◆ AIM OF THE TASK
Return each entry word for word, without its pictures.

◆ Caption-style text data
^^^^
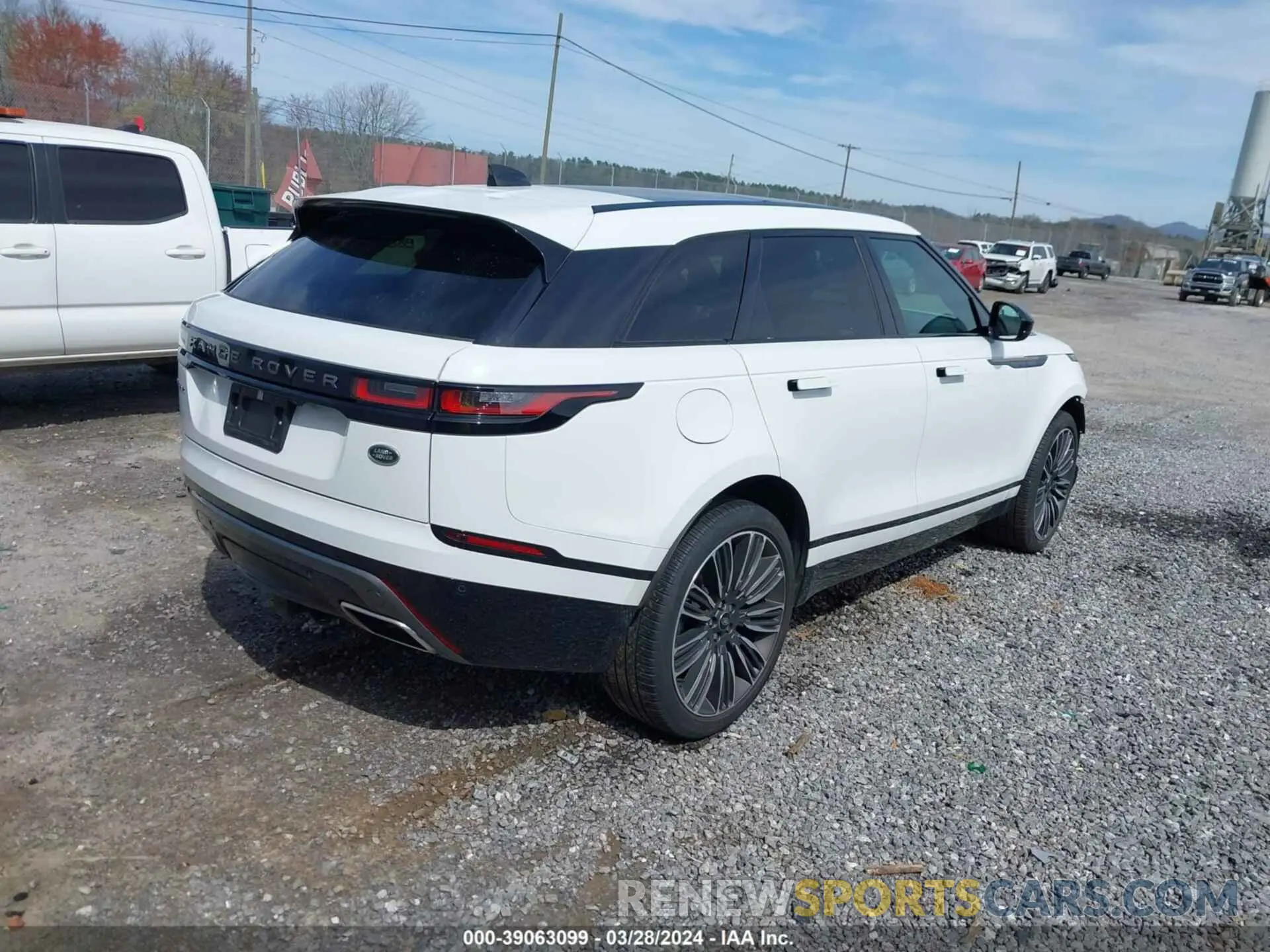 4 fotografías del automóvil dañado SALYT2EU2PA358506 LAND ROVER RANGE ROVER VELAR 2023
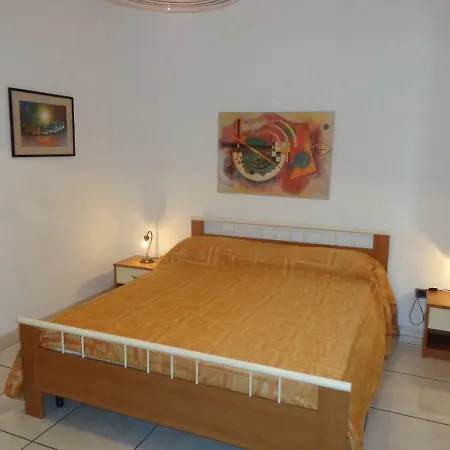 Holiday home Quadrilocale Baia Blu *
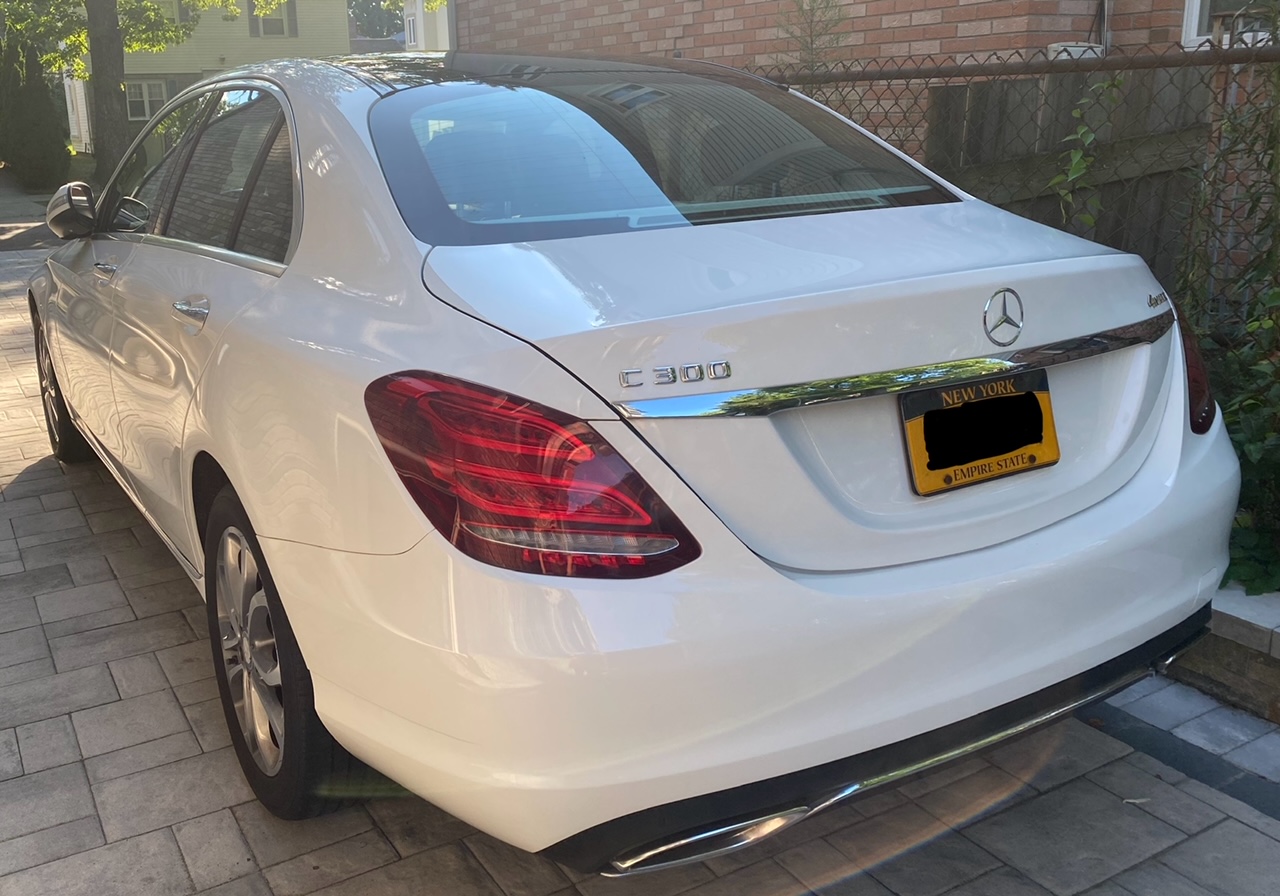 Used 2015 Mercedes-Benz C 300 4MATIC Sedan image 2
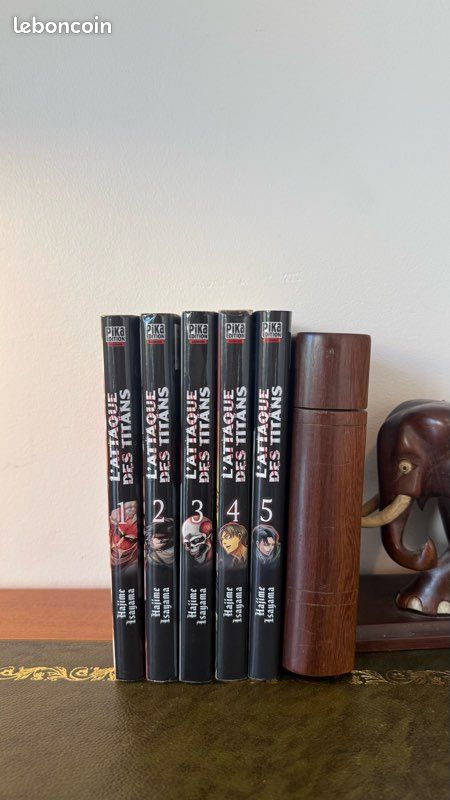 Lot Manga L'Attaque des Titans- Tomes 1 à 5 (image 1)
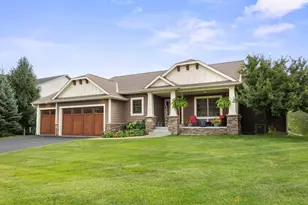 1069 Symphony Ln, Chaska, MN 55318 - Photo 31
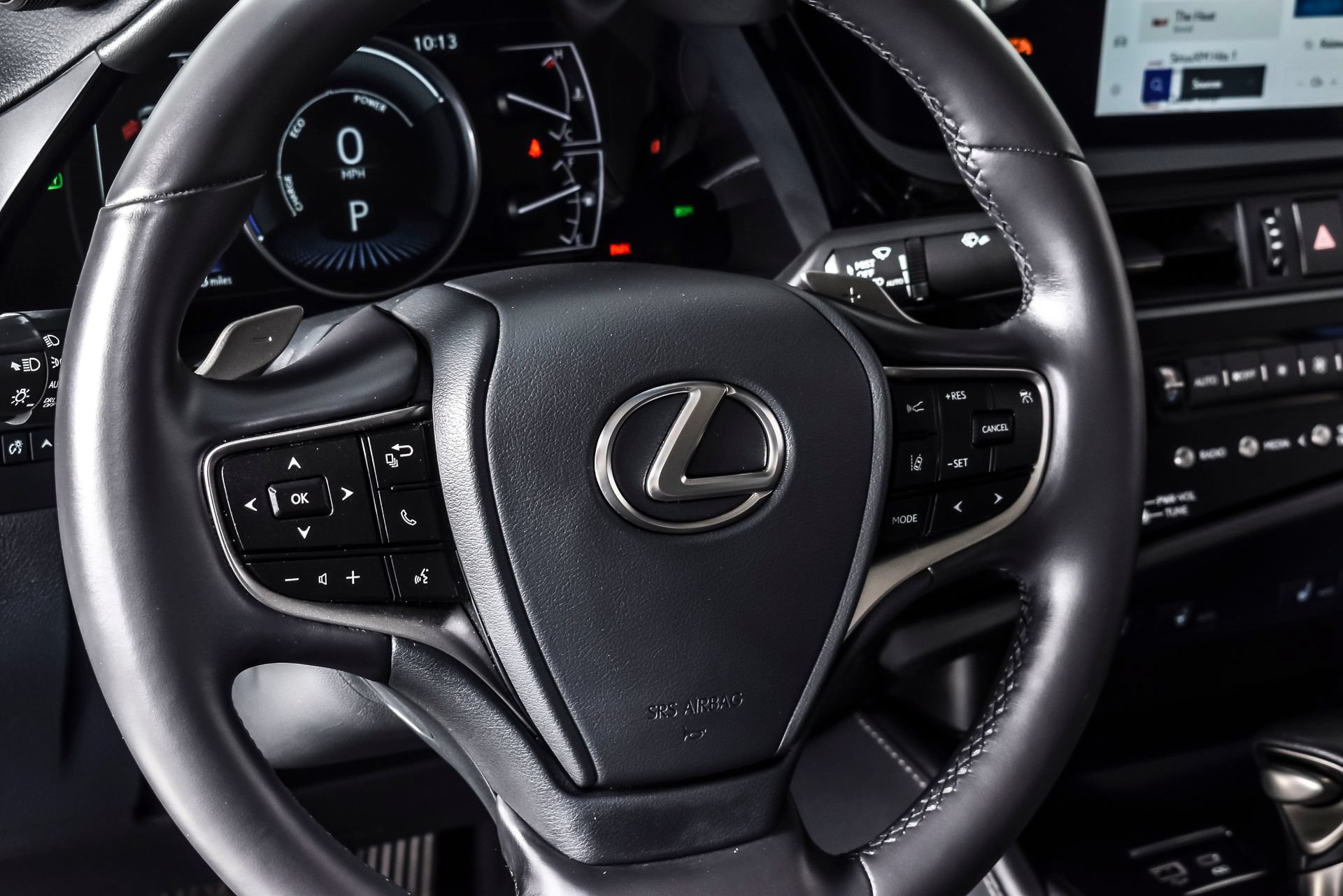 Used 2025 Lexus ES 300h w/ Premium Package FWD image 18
^^^^
◆ SOLUTION TO THIS PROBLEM
 4 fotografías del automóvil dañado SALYT2EU2PA358506 LAND ROVER RANGE ROVER VELAR 2023
 Holiday home Quadrilocale Baia Blu *
 Used 2015 Mercedes-Benz C 300 4MATIC Sedan image 2
 Lot Manga L'Attaque des Titans- Tomes 1 à 5 (image 1)
 1069 Symphony Ln, Chaska, MN 55318 - Photo 31
 Used 2025 Lexus ES 300h w/ Premium Package FWD image 18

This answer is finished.